VACFSS was also born out of Indigenous resistance, Cousineau pointed out. The agency was established by First Nations leaders in 1992 as an alternative to “colonial child welfare.” 

Its main focus during the ‘90s, according to VACFSS’s website, was family support services. It “offered advocacy and support to families involved with the ministry and to whom there was a risk of becoming involved in the child protection system.”

Today its board of directors “is comprised entirely of accomplished Indigenous people with a commitment to the urban Indigenous community,” wrote Cousineau. 

The agency’s “roots in Vancouver’s urban Indigenous community, and significant efforts to mitigate or eliminate the discriminatory impacts of child welfare, are important and recognized.” But these roots and awareness “do not immunize it from the anti-Indigenous racism that is pervasive in Canadian society more broadly and within child welfare specifically.”

VACFSS is “bound to apply provincial child welfare legislation,” she added. In other words, it has to play by a colonial rulebook.  

IndigiNews requested an interview with VACFSS, but the agency did not respond in time for publication.
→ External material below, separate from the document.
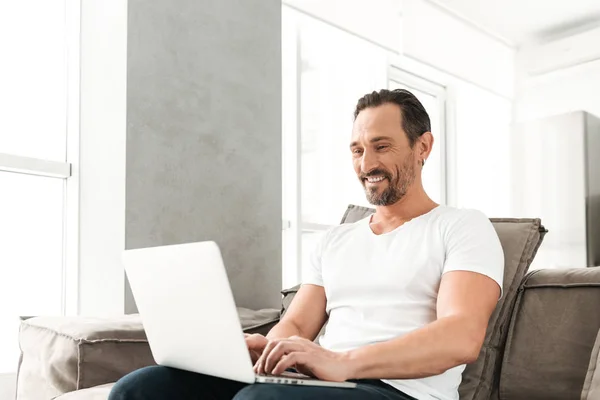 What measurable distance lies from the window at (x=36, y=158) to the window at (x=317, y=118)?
1053mm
On Wednesday, it released a statement.

“We are now reviewing the tribunal’s decision in detail, but note that the focus of the decision was on the rights of the mother, while from VACFSS’ perspective, parental rights must be balanced with the well-being of children and our responsibility to care for and honour each child as a ‘sacred bundle,’” reads the statement, in part.

“The tribunal acknowledged that VACFSS already prioritizes policies and training about how to serve Indigenous Peoples in child welfare … but we will explore other learnings and continue to enhance and expand on our collaborative efforts and processes, including ongoing partnerships with First Nations communities across Canada.”

Justine said she believes her case is “definitely going to change the way families and moms of Aboriginal ancestry are going to be treated moving forward.”